Beliau bersabda: Bukankah Allah telah menjadikan jalan bagi kalian untuk bersedekah? Sesungguhnya setiap tasbih (ucapan: subhanallah) adalah sedekah, setiap takbir (ucapan: Allahu akbar) adalah sedekah, setiap tahmid (ucapan: alhamdulillah) adalah sedekah, setiap tahlil (ucapan: la ilaha illallah) adalah sedekah, memerintahkan kepada yang makruf adalah sedekah, melarang dari hal yang mungkar adalah sedekah, dan seorang dari kalian yang menggauli istrinya adalah sedekah.

Mereka berkata: Wahai Rasulullah, seorang dari kami mendatangi syahwatnya apakah juga mendapatkan pahala?

Beliau menjawab: Bagaimana menurut kalian bila ia meletakkan syahwatnya pada (tempat) yang haram, apakah ia akan mendapat dosa? Demikian pula bila ia meletakkan pada yang (tempat) halal niscaya ia akan mendapatkan pahala. (HR. Muslim, no. 1005)

Semangat Para Sahabat dalam Menuntut Ilmu & Beramal

Ketika para fuqoro` dari kalangan sahabat melihat saudara mereka dari kalangan orang yang berada dapat mengerjakan banyak hal, maka mereka bertanya kepada Rasulullah shallallahu ‘alaihi wa sallam, kira-kira amalan apa saja yang dapat menyusul orang-orang yang berada tersebut, sehingga mereka dapat memiliki pahala dan kedudukan yang sama di sisi Allah meskipun berbeda dalam hal harta.

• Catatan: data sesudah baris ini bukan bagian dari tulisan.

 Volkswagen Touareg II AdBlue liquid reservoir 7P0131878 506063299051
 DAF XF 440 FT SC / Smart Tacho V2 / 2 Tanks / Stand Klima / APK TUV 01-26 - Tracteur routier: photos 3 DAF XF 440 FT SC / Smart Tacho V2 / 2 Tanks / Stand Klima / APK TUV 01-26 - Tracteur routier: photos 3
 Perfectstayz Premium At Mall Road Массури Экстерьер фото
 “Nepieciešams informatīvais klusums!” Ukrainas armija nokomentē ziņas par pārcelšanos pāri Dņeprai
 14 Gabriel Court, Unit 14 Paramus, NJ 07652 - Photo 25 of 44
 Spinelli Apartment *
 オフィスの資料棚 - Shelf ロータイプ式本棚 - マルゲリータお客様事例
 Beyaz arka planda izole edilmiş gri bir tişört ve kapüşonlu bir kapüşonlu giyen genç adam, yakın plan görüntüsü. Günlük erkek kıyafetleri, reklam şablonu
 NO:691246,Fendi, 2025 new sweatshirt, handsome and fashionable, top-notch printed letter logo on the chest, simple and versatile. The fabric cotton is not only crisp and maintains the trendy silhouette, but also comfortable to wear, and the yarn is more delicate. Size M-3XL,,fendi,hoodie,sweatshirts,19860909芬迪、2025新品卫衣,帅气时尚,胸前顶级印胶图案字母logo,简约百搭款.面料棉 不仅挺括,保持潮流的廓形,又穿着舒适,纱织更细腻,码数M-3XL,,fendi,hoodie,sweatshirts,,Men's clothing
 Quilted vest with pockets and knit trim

Mereka begitu antusias dengan urusan agama yang dapat membawa mereka kepada kemuliaan. Demikian pula, selain antusias untuk mendapatkan ilmu, mereka juga begitu antusias untuk mengamalkannya. Sehingga mereka mengumpulkan antara ilmu dan amal, dan berhak mendapatkan predikat umat terbaik dan generasi paling utama dari umat ini. Allah azza wa jalla berfirman:

كُنْتُمْ خَيْرَ أُمَّةٍ أُخْرِجَتْ لِلنَّاسِ تَأْمُرُونَ بِالْمَعْرُوفِ وَتَنْهَوْنَ عَنِ الْمُنْكَرِ وَتُؤْمِنُونَ بِاللَّهِ

Kamu adalah umat terbaik yang dilahirkan untuk manusia, menyuruh kepada yang makruf, dan mencegah dari yang mungkar, dan beriman kepada Allah. (QS. Ali Imron: 110)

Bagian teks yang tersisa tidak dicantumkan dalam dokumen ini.